Who is Responsible?
This article was published on “The Staffing Stream,” an online blog sponsored by Staffing Industry Analysts. To read this article and more on their site, click the link offered below the article.
Who’s the boss? And who is liable in the event there is an issue? Employers and courts have been mulling through this problem. However it all comes down to the control that the employer has over its workers.
Last month, the need for some type of written agreement between customers and their staffing vendors defining their relationship may have just become clearer when the U.S. Court of Appeals for the 3rd Circuit issued its decision on joint employer liability on June 28, in the case of In Re: Enterprise Rent-A-Car Wage and Hour Employment Practices Litigation.
While the case looks at the liability of a parent company for the Fair Labor Standards Act violations of its subsidiaries, the Court, which covers Delaware, New Jersey and the Eastern, Western and Middle Districts of Pennsylvania, enunciated criteria, the “Enterprise” test, melding standards established by other Circuits into a clear four-criteria inquiry.
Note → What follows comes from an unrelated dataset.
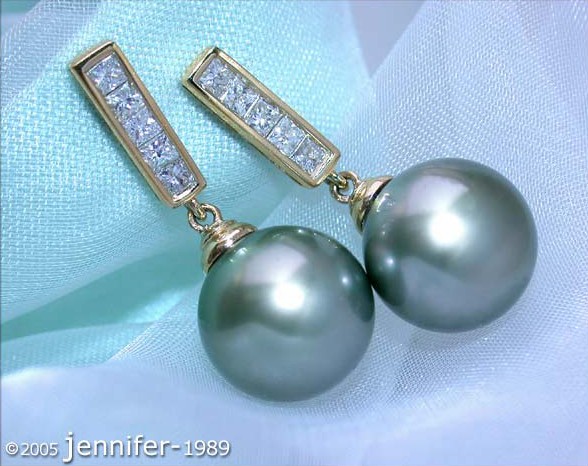 Gelbgold-750-Ohrstecker mit Tahitiperlen und Diamanten, detailreich, elegant, auf blauem Stoff liegend.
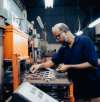 Mitarbeiter arbeitet an einer Industriemaschine und verwaltet produktbezogene Änderungen in der Fertigung.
The Court suggested that when faced with the question of potential joint employer liability, lower courts consider the following four points:
- Authority to hire and fire the relevant employees;
- Authority to promulgate work rules and assignments, and to set the employee’s conditions of employment: compensation, benefits, and work schedules including the rate and method of payment;
- Involvement in the day to day employee supervision including employee discipline; and
- Actual control of employee records, such as payroll, insurance or taxes.
The Court cautioned that lower courts should not blindly apply these standards and are to consider economic concerns of the real world.
However, the bottom line is that users of contingent labor should dust off those contracts, terms and conditions and timesheets and set and maintain the employer indicia of discipline, setting pay rates, setting and paying wages and limiting clients’ access to records of temporary employees.